I’d be tempted to say that the game should have a system where money is treated like favours that aren’t tied to a faction but I think that’s the point. You can’t make large transactions in the world without getting tied up with the major factions and their business. It helps keep things interesting.
Matthew Browne I really like the way you put it !
To me, Money should be a favour (or a debt) tied to a Faction called “The Bank”, or The “Pawn Broker”, or whatever financial institution works best in your setting/planet.
Matthew Browne Philip Espi I think in many campaign settings your ideas would work. We’re playing something akin to a hexcrawl/space western where the buyer might be “Sid’s Metal Hut”, a junkyard on a remote system with no contact with anyone that only gets sales via word of mouth. It’s difficult to reconcile calling in a favor with that guy to provide you with services when he’s intentionally disconnected and in the middle of nowhere.
Even in our case, it could be a favor with limited usage (he’s willing to be called in for a new starship, but not to acquire landing permits on a spaceprot half a galaxy away), but I want something that isn’t arduous to track and still gets the job done. Cred, to me, is an abstract version of what you’re talking about about but is still more concrete than the general feeling/level of wealth.
But who is issuing those Credits ? Zach Swain
And what institution is backing their value with “real” assets ?
If you can’t cash them somewhere for something useful or valuable, then your Credits are worth nothing (as any paper money).
Philip Espi That’s partly what I meant by abstract; we could go through the process of trading horse tongues for the local currency, which is metal lathes, as per the SWN SoG supplement, and I think a couple of my players would even dig it, but when we’re short on time or those folks aren’t there, “Cred” is universal. It doesn’t necessarily mean “bank backed notes”…I think in our world it would probably mean fuel or firearms.
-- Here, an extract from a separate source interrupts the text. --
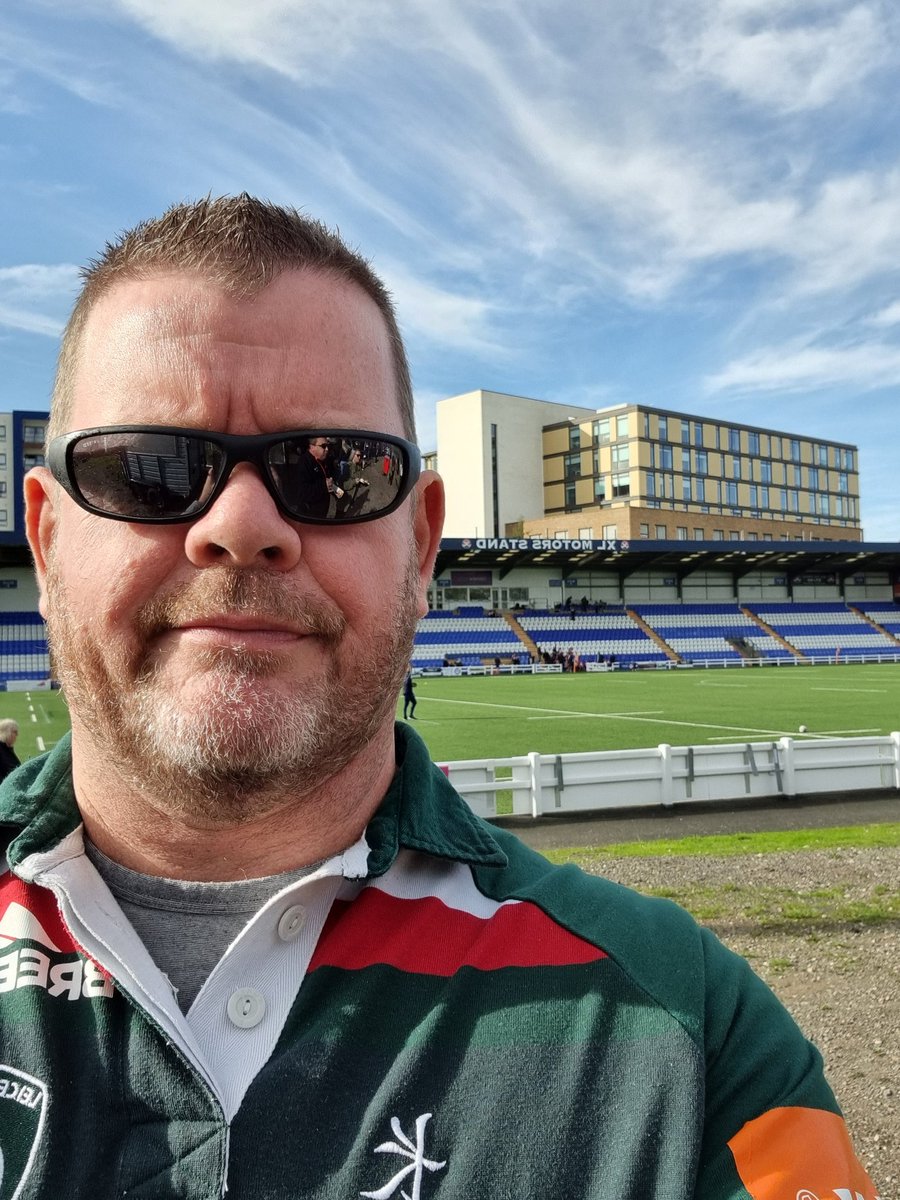 Dave Bradshaw tweet media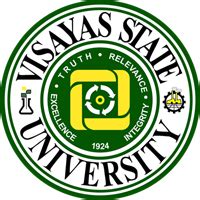 hris.psu.edu.ph log in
If we want to fall back on shipping 3 horse tongues for 2 metal lathes, it’s as simple as “Cred isn’t accepted here”, but I did want to be able to quickly sub in something that everyone would understand for a more concrete, but still abstract, concept of how much something cost.
OK. I grok that.
I didn’t realize you meant local (planetary) credits. I thought you were talking about galactic credits.
If they haven’t actually made the sale yet, then just don’t let them trade it for credits when they get there. Perhaps the store can only repay them in other cargo, or an asset, or a favour from a faction the guy’s friendly with. Better yet, ask the players. “He doesn’t have the liquid assets to make that kind of trade, but what can he pay you with instead?”
It’s also worth mentioning that getting two Class 2 cargo containers from the market just for a couple of rolls is pretty valuable, so make sure there are consequences for carting around two big crates of valuable and possibly dangerous engine parts.